Tables that end with WIP are still under development.

Naming Conventions

The name of a table is in plural form. E.g. boards, issues, etc.
The name of a table which describe the relation between 2 entities is in the form of [BigEntity in singular form]_[SmallEntity in plural form]. E.g. board_issues, sprint_issues, pull_request_comments, etc.
Value of the field in enum type are in capital letters. E.g. table.issues.type has 3 values, REQUIREMENT, BUG, INCIDENT. Values that are phrases, such as 'IN_PROGRESS' of table.issues.status, are separated with underscore '_'.

How to Customize Data Models

Apache DevLake provides 2 plugins:

customize: to create/delete columns in the domain layer schema with the data extracted from raw layer tables
dbt: to transform data based on the domain layer schema and generate new tables

DWD Entities - (Data Warehouse Detail)

Domain 1 - Issue Tracking

issues

An issue is the abstraction of GitHub/GitLab/BitBucket/Jira/TAPD/Zentao... issues.

field	type	length	description	key
`id`	varchar	255	An issue's `id` is composed of < plugin >:< Entity >:< PK0 >[:PK1]..." For Github issues, a Github issue's id is like "github:GithubIssues:< GithubIssueId >". E.g. 'github:GithubIssues:1049355647' For Jira issues, a Github repo's id is like "jira:JiraIssues:< JiraSourceId >:< JiraIssueId >". E.g. 'jira:JiraIssues:1:10063'. < JiraSourceId > is used to identify which Jira source the issue came from, since DevLake users can import data from several different Jira instances at the same time.	PK
`issue_key`	varchar	255	The key of this issue. For example, the key of this Github issue is 1145.
`url`	varchar	255	The url of the issue. It's a web address in most cases.
`title`	varchar	255	The title of an issue
`description`	longtext		The detailed description/summary of an issue
`type`	varchar	100	The standard type of this issue.
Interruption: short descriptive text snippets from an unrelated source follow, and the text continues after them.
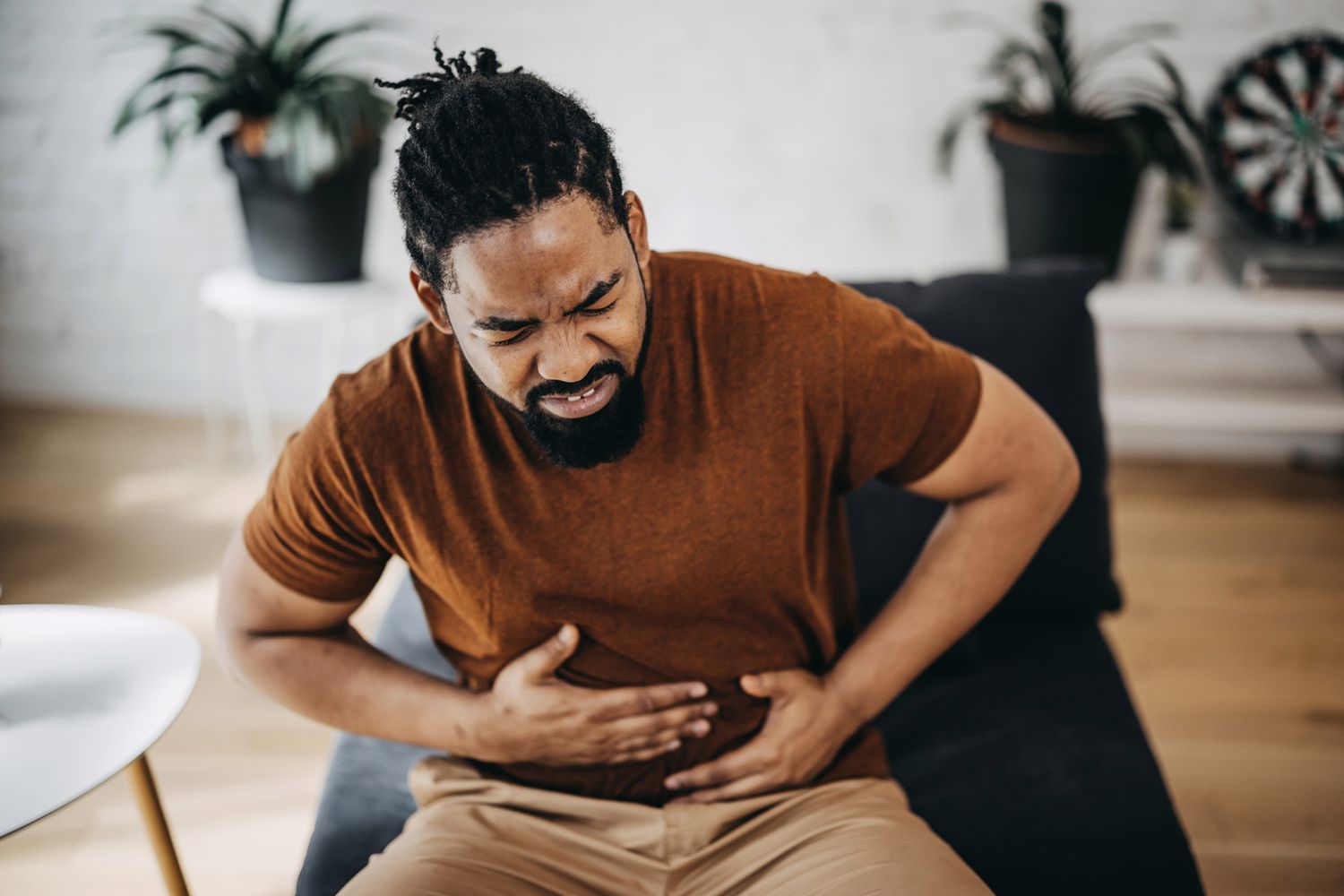 An individual appearing tired and experiencing a mild cough, symbolizing the early signs of infection.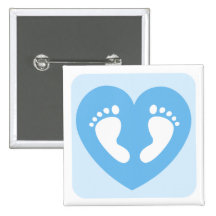 Blue baby boy feet or footprints in heart button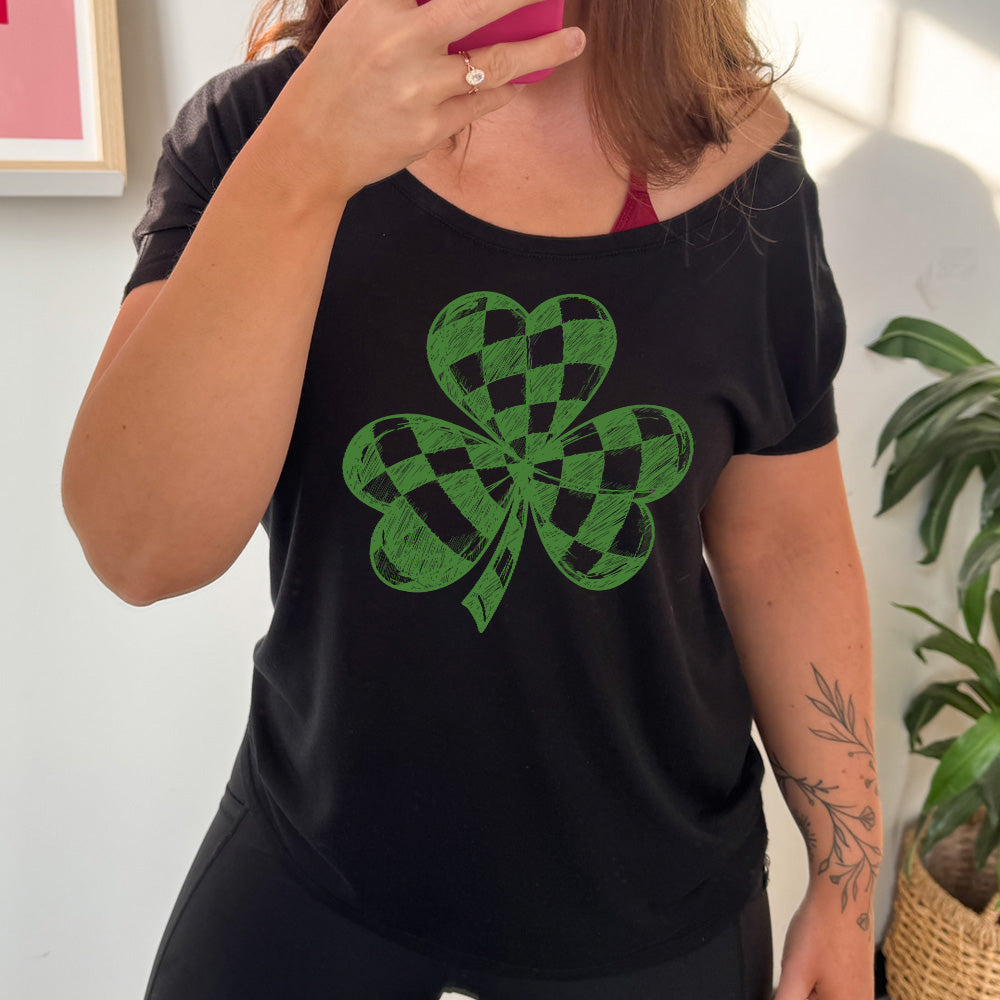black slouchy tee with the large graphic of a shamrock that is checkered on the inside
There are 3 standard types: REQUIREMENT: this issue is a feature BUG: this issue is a bug found during test INCIDENT: this issue is a bug found after release The 3 standard types are transformed from the original type of an issue. The transformation rule is set in the Scope Config on the Connections page of Jira, GitHub and etc. For issues with an original type that has not mapped to a standard type, the value of `type` will be the same as issue's `original_type`.
`original_type`	varchar	100	The original type of an issue.
`status`	varchar	100	The standard statuses of this issue. There are 3 standard statuses: TODO: this issue is in backlog or to-do list IN_PROGRESS: this issue is in progress DONE: this issue is resolved or closed The 3 standard statuses are transformed from the original statuses of an issue. The transformation rule: For Jira issue status: transformed from the Jira issue's `statusCategory`. Jira has 3 default issue status categories: 'To Do', 'In Progress', 'Done'. For Github issue status: open -> TODO closed -> DONE
`original_status`	varchar	100	The original status of an issue.
`story_point`	double		The story point of this issue. Only certain types(e.g. story) of Jira or TAPD issues has story points
`priority`	varchar	255	The priority of the issue
`urgency`	varchar	255	The urgency of the issue
`component`	varchar	255	The component a bug-issue affects. This field only supports Github plugin for now. The value is transformed from Github issue labels by the rules set according to the user's configuration of .env by end users during DevLake installation.
`severity`	varchar	255	The severity level of a bug-issue. This field only supports Github plugin for now. The value is transformed from Github issue labels by the rules set according to the user's configuration of .env by end users during DevLake installation.
`parent_issue_id`	varchar	255	The id of its parent issue
`epic_key`	varchar	255	The key of the epic this issue belongs to. For tools with no epic-type issues such as Github and GitLab, this field is default to an empty string
`original_estimate_minutes`	int		The original estimation of the time allocated for this issue
`time_spent_minutes`	int		The original estimation of the time allocated for this issue
`time_remaining_minutes`	int		The remaining time to resolve the issue
`creator_id`	varchar	255	The id of issue creator
`creator_name`	varchar	255	The name of the creator
`assignee_id`	varchar	255	The id of issue assignee. For Github issues: this is the last assignee of an issue if the issue has multiple assignees For Jira issues: this is the assignee of the issue at the time of collection
`assignee_name`	varchar	255	The name of the assignee
`created_date`	datetime	3	The time issue created
`updated_date`	datetime	3	The last time issue gets updated
`resolution_date`	datetime	3	The time the issue changes to 'DONE'.
`lead_time_minutes`	int		Describes the cycle time from issue creation to issue resolution. For issues whose type = 'REQUIREMENT' and status = 'DONE', lead_time_minutes = resolution_date - created_date. The unit is minute. For issues whose type != 'REQUIREMENT' or status != 'DONE', lead_time_minutes is null
`original_project`	varchar	255	The name of the original project this issue belongs to. Transformed from a Jira project's name, a TAPD workspace's name, etc.
`icon_url`	varchar	255	The url of the issue icon.
`x_custom_field_1`	It depends on the type of the converted field	-	The value of the custom field. This field is available when utilizing the customize plugin to convert Jira's raw layer fields to the domain layer fields.

issue_assignees

This table shows the assignee(s) of issues. Multiple entries can exist per issue, as a GitHub/TAPD issue may have multiple assignees at the same time. This table can be used to get the detailed information of all issue assignees.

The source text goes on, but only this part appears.